I’m running late! I was meant to be here 20 minutes earlier, to interview Victoria Haralambidou, one of the lead actors in Anna Kokkinos’ latest release Blessed.

I make it, and Haralambidou’s grace is even more pronounced in the absence of mine, while her PR people are giving me daggers. Haralambidou’s mildly sultry Russian accent caresses her flawless English.

Haralambidou was raised in Petersburg and has degrees in cinema and acting, from Moscow, and economics and business administration from Athens.

She has won awards for her cinema work in Pantelis Voulgaris’ internationally acclaimed Brides, while appearing in many of Australia’s television dramas like 101 East West, All Saints, Home and Away.

She has performed in theatre here and in Greece and is constantly sought out.
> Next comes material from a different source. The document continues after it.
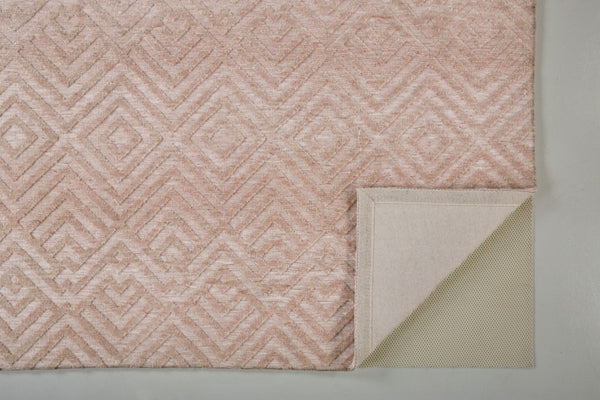 HomeRoots 4' Pink and Ivory Geometric Area Rug – Stylish, Stain-Resistant Design for Modern Home Décor Solutions 10' X 13' 512267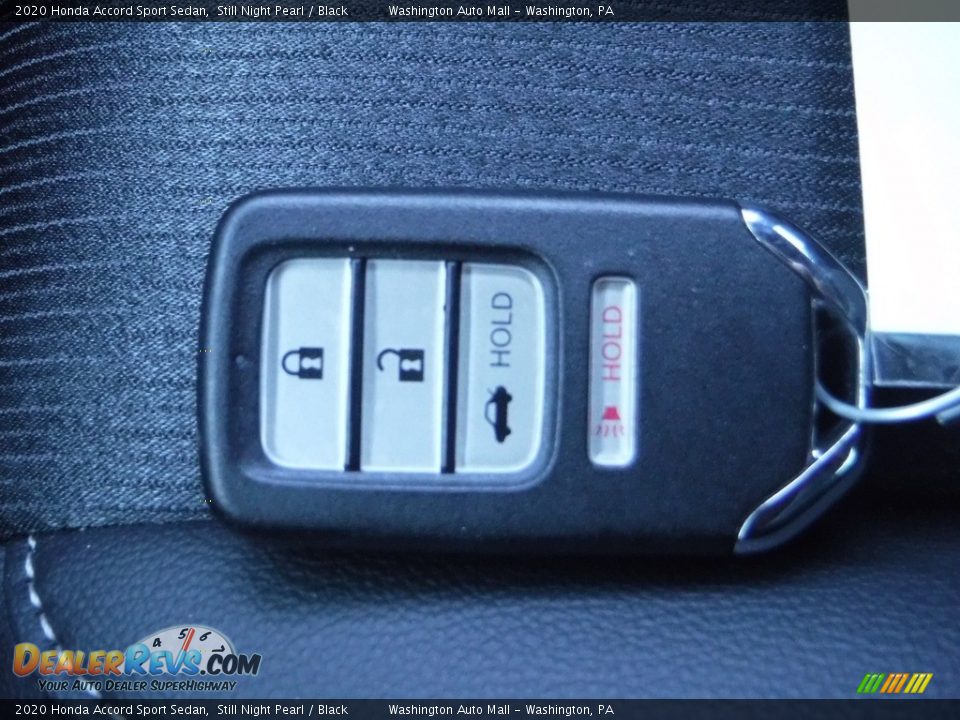 2020 Honda Accord Sport Sedan Still Night Pearl / Black Photo #27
Haralambidou spends half her time in Sydney and the other half working in Greece.

Her intriguing beauty matches a reservoir of knowledge, skill and experience.

“I went to Greece at 15 and once I completed high school, I then left for Moscow where I studied cinema and theatre studies, then back to Greece where I completed an economics degree in Athens.”
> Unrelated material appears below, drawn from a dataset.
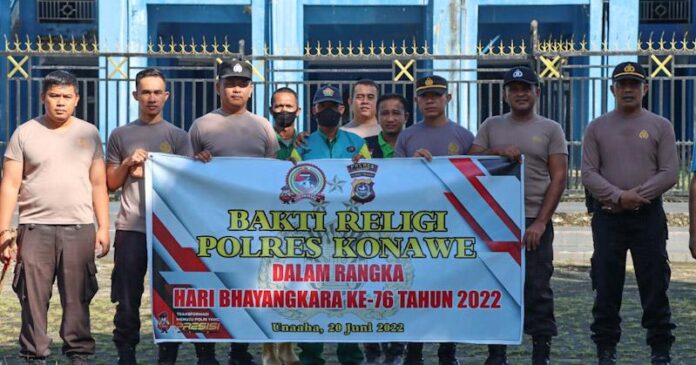 Polres Konawe Gelar Bakti Religi di Tempat Ibadah Masyarakat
I raise the issue of Russian theatre and cinema studies as a foundation for her on-screen intensity, but she is dismissive, “Don’t… you know what? It makes no difference… Studying cinema as an actor is not important, but it is enough.”
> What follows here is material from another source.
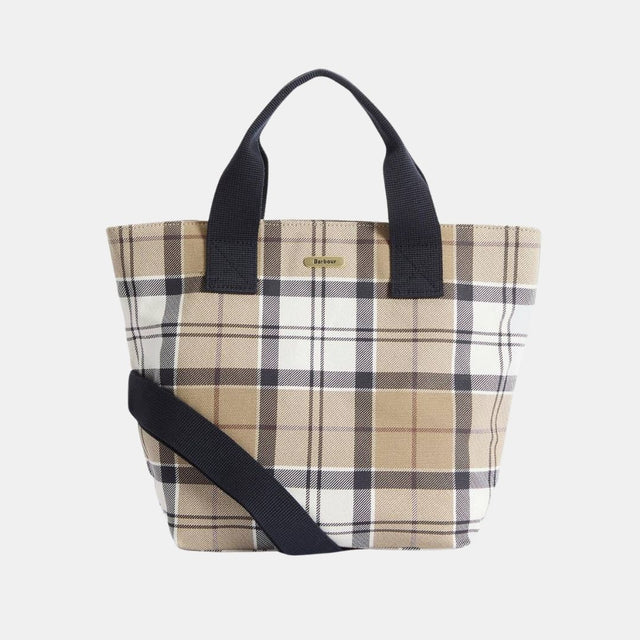 Barbour Maisy Tartan Tote Bag Rosewood Tartan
“I do not think that studying something can make you good or bad, we like to tick boxes, and when you see that you say, ‘aha that’s why’. But my heritage, my upbringing my sensitivity, it’s all that.”

So it must be Haralambidou drawing on Hellenism for inspiration.

“Define Greekness!” she confronts me.

“The tragedy, the essence of looking at the character, the mother in Blessed – that’s Greek.” I retort.

“Well…” she ponders, openly, ” Maybe… but it’s personal when I develop a character, you can say ‘Aaahhh that’s the Russian in her or the Greekness in her’, but my relationship with God, with motherhood, are purely mine.”

“In my case if there is Greekness it comes from my grandparents, and as my grandfather would say, ‘all Greeks are philosophers.'”

A concession to her personal journey.

In the end, I have to ask the banal question, why Australia? Why so far from home?

Especially being someone already connected to the European film and theatre industry.

“It’s in me. I come from Greeks that lost Asia Minor, so we are lost. I don’t even know if I lost a country, but it goes back to my grandparents. I lost a country, so it is hard for me to say I have a home.”

In Anna Kokkino’s intense yet poetic narrative on mothers and children, Blessed, Haralambidou provides a powerful and complex portrayal of a widowed mother waiting for her lost son, while attempting not to lose her daughter and trying to work out of the suburban poverty.

She reflects for a moment on Anna Kokkinos’s directorial style, “It is so quiet on the set, maybe everyone is scared shitless, but not intimidated.”

She adds, “Anna is not going to yell, or shout, but when Anna says ‘now I have time with the actor’, everyone disappears from the set.”

Blessed is screening at Nova and Palace Cinemas.